Nothing may be dropped or altered: reproduce all the data.

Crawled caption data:
┄┄┄┄┄┄┄┄┄┄┄┄┄┄┄┄┄┄┄┄

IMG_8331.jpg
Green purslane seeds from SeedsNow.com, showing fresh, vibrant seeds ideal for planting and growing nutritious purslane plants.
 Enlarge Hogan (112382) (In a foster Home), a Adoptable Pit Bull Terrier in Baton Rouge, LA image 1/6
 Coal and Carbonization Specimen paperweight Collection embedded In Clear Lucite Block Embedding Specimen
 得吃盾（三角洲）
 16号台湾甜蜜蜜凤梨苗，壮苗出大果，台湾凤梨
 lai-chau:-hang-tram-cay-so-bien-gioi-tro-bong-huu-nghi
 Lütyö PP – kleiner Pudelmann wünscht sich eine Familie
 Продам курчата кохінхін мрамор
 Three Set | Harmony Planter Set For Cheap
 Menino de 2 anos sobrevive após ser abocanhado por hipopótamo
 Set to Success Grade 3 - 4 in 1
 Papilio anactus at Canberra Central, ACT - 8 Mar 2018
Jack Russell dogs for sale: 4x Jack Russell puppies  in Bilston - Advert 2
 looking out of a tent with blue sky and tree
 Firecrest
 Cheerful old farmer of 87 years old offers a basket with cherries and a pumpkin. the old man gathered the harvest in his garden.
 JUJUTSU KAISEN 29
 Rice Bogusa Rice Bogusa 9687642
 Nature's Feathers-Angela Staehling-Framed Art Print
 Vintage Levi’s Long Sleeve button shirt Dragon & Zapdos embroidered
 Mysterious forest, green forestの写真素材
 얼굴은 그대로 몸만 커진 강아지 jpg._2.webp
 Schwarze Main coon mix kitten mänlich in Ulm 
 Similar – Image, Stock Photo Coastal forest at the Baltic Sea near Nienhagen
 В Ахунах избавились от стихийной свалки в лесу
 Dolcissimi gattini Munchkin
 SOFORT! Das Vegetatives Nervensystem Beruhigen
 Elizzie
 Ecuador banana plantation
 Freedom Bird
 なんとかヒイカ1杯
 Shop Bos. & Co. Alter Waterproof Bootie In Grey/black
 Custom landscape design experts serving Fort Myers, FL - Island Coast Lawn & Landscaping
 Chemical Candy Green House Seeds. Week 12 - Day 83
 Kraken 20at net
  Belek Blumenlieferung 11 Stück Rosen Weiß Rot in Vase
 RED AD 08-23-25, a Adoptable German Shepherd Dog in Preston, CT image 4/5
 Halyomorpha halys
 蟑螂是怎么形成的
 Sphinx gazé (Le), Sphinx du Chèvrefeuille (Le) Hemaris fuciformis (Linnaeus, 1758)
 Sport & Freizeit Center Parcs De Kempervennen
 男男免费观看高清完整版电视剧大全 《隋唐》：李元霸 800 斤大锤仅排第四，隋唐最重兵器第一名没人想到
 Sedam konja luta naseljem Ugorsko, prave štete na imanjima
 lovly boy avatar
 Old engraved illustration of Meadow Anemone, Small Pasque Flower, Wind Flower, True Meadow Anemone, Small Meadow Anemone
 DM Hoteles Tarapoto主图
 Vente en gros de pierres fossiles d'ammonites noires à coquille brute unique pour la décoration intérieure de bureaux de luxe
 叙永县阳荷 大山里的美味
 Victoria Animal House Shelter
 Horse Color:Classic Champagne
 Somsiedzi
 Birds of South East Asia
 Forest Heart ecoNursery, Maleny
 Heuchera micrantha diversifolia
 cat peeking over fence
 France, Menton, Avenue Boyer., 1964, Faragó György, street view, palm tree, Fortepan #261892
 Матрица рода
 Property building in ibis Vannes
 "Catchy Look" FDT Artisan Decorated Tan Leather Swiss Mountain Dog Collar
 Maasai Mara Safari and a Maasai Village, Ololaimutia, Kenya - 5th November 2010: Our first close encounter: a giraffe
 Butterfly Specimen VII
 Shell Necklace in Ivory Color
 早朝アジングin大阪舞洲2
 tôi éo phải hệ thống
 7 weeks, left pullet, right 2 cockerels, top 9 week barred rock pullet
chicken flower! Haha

┄┄┄┄┄┄┄┄┄┄┄┄┄┄┄┄┄┄┄┄

* [REPLY]
IMG_8331.jpg
Green purslane seeds from SeedsNow.com, showing fresh, vibrant seeds ideal for planting and growing nutritious purslane plants.
 Enlarge Hogan (112382) (In a foster Home), a Adoptable Pit Bull Terrier in Baton Rouge, LA image 1/6
 Coal and Carbonization Specimen paperweight Collection embedded In Clear Lucite Block Embedding Specimen
 得吃盾（三角洲）
 16号台湾甜蜜蜜凤梨苗，壮苗出大果，台湾凤梨
 lai-chau:-hang-tram-cay-so-bien-gioi-tro-bong-huu-nghi
 Lütyö PP – kleiner Pudelmann wünscht sich eine Familie
 Продам курчата кохінхін мрамор
 Three Set | Harmony Planter Set For Cheap
 Menino de 2 anos sobrevive após ser abocanhado por hipopótamo
 Set to Success Grade 3 - 4 in 1
 Papilio anactus at Canberra Central, ACT - 8 Mar 2018
Jack Russell dogs for sale: 4x Jack Russell puppies  in Bilston - Advert 2
 looking out of a tent with blue sky and tree
 Firecrest
 Cheerful old farmer of 87 years old offers a basket with cherries and a pumpkin. the old man gathered the harvest in his garden.
 JUJUTSU KAISEN 29
 Rice Bogusa Rice Bogusa 9687642
 Nature's Feathers-Angela Staehling-Framed Art Print
 Vintage Levi’s Long Sleeve button shirt Dragon & Zapdos embroidered
 Mysterious forest, green forestの写真素材
 얼굴은 그대로 몸만 커진 강아지 jpg._2.webp
 Schwarze Main coon mix kitten mänlich in Ulm 
 Similar – Image, Stock Photo Coastal forest at the Baltic Sea near Nienhagen
 В Ахунах избавились от стихийной свалки в лесу
 Dolcissimi gattini Munchkin
 SOFORT! Das Vegetatives Nervensystem Beruhigen
 Elizzie
 Ecuador banana plantation
 Freedom Bird
 なんとかヒイカ1杯
 Shop Bos. & Co. Alter Waterproof Bootie In Grey/black
 Custom landscape design experts serving Fort Myers, FL - Island Coast Lawn & Landscaping
 Chemical Candy Green House Seeds. Week 12 - Day 83
 Kraken 20at net
  Belek Blumenlieferung 11 Stück Rosen Weiß Rot in Vase
 RED AD 08-23-25, a Adoptable German Shepherd Dog in Preston, CT image 4/5
 Halyomorpha halys
 蟑螂是怎么形成的
 Sphinx gazé (Le), Sphinx du Chèvrefeuille (Le) Hemaris fuciformis (Linnaeus, 1758)
 Sport & Freizeit Center Parcs De Kempervennen
 男男免费观看高清完整版电视剧大全 《隋唐》：李元霸 800 斤大锤仅排第四，隋唐最重兵器第一名没人想到
 Sedam konja luta naseljem Ugorsko, prave štete na imanjima
 lovly boy avatar
 Old engraved illustration of Meadow Anemone, Small Pasque Flower, Wind Flower, True Meadow Anemone, Small Meadow Anemone
 DM Hoteles Tarapoto主图
 Vente en gros de pierres fossiles d'ammonites noires à coquille brute unique pour la décoration intérieure de bureaux de luxe
 叙永县阳荷 大山里的美味
 Victoria Animal House Shelter
 Horse Color:Classic Champagne
 Somsiedzi
 Birds of South East Asia
 Forest Heart ecoNursery, Maleny
 Heuchera micrantha diversifolia
 cat peeking over fence
 France, Menton, Avenue Boyer., 1964, Faragó György, street view, palm tree, Fortepan #261892
 Матрица рода
 Property building in ibis Vannes
 "Catchy Look" FDT Artisan Decorated Tan Leather Swiss Mountain Dog Collar
 Maasai Mara Safari and a Maasai Village, Ololaimutia, Kenya - 5th November 2010: Our first close encounter: a giraffe
 Butterfly Specimen VII
 Shell Necklace in Ivory Color
 早朝アジングin大阪舞洲2
 tôi éo phải hệ thống
 7 weeks, left pullet, right 2 cockerels, top 9 week barred rock pullet
chicken flower! Haha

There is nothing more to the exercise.